A new year brings with it the idea of all kinds of possibilities and wonder. What will happen in the next year of our lives? A new chapter. This brings me to the idea of New Year resolutions. Why do we make them? What is it about beginning a new year that urges us to seek change? Sure enough a new year presents a clear date from which to begin our change, it also presents the idea of a new beginning, a fresh start, but along with the new year a certain pressure arises that this year must better than the last, that this year ahead will bring with it everything that the previous year did not, and that we will work harder, play harder, exercise, save more money, and achieve what we did not, for whatever reason, in the last.
How many of us have made New Year resolutions in previous years? Do we stick with them? Are we making them for ourselves or for other people? This is an important point which applies to many aspects of life, if we do something for ourselves then we are more likely to see it through, it is when we start doing things for others or for the wrong reasons that plans can go awry.  

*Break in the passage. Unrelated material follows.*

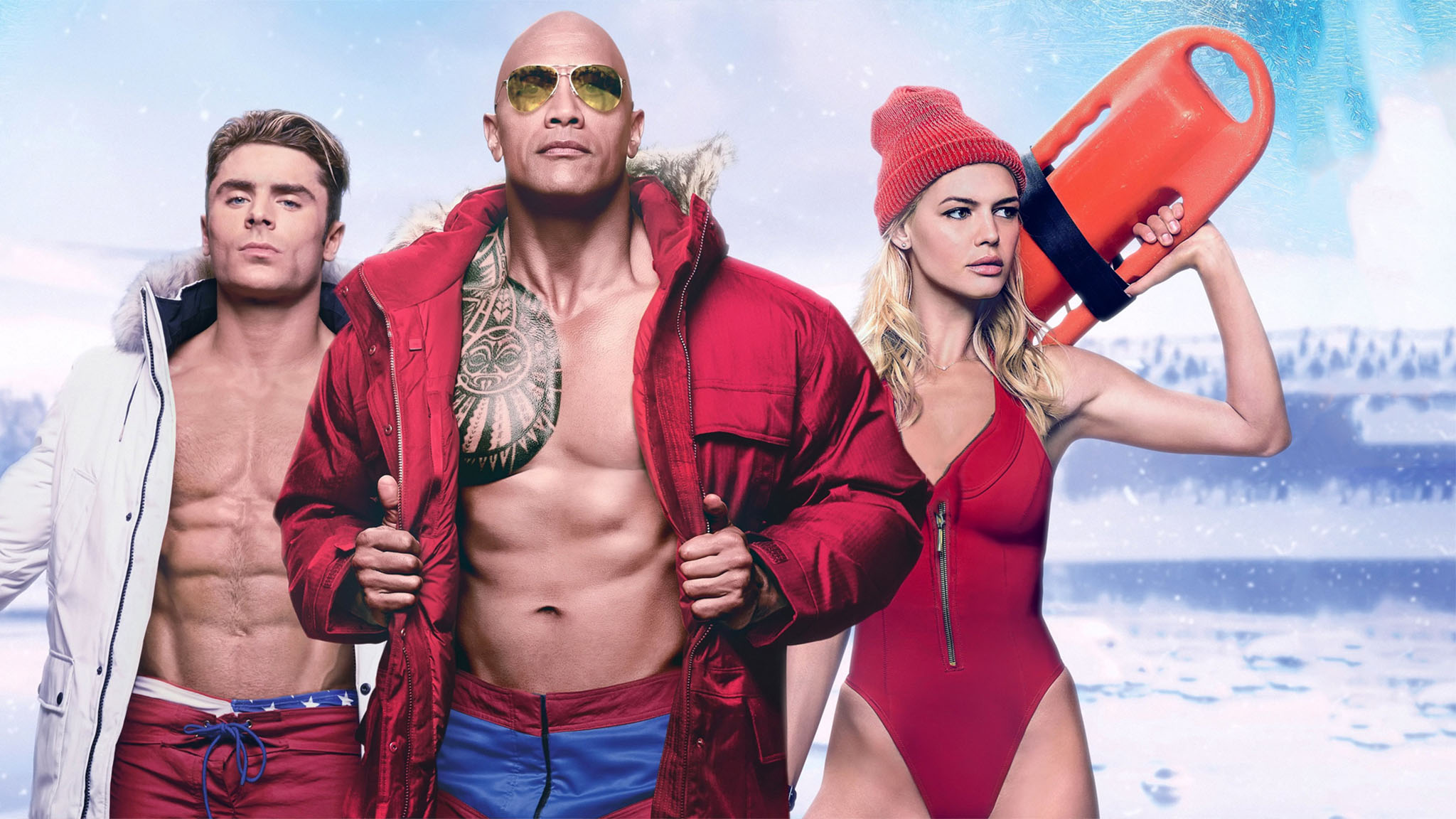 فيلم Baywatch 2017 مترجم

Of course change can happen at any time of the year, but it is often the significance of an event which drives us, not necessarily a new year, perhaps a birthday, or even a death; it is often these landmarks in our lives which make us ask ‘am I living my life the way I really want to?’
I am currently reading The Schopenhauer Cure by Irvin D Yalom, in the book there is a sentence in which a person suggests that we should live our lives in such a way that we would be happy to repeat the same life eternally, how interestingly thought provoking! How many of us would genuinely be able to say that we would be happy to live our lives exactly the same, with no changes, over and over again and again?
That fact that we seek change, we continue to better ourselves, enhance our knowledge through work and education, that we hope to earn more money suggests to me that the majority would not be thrilled with this idea, that we would welcome the opportunity to live again to right the wrongs; to have another chance at it, to learn from our previous experiences; to do it better. But we can learn, we can use our experiences of the years past to start afresh in this New Year ahead, and whatever it is which motivates and drives us, we can strive to live a happy, if not necessarily better life.

Whether you choose to make New Year resolutions or not, I hope that you all have a happy new year. Will I be making any? I strive to be more organised in my work, is it a resolution? Not really, more of an ongoing aim! I’m a great believer in SMART goals! My only goal for 2016 is to be as happy as I can be, I don’t think that this is too much to ask?!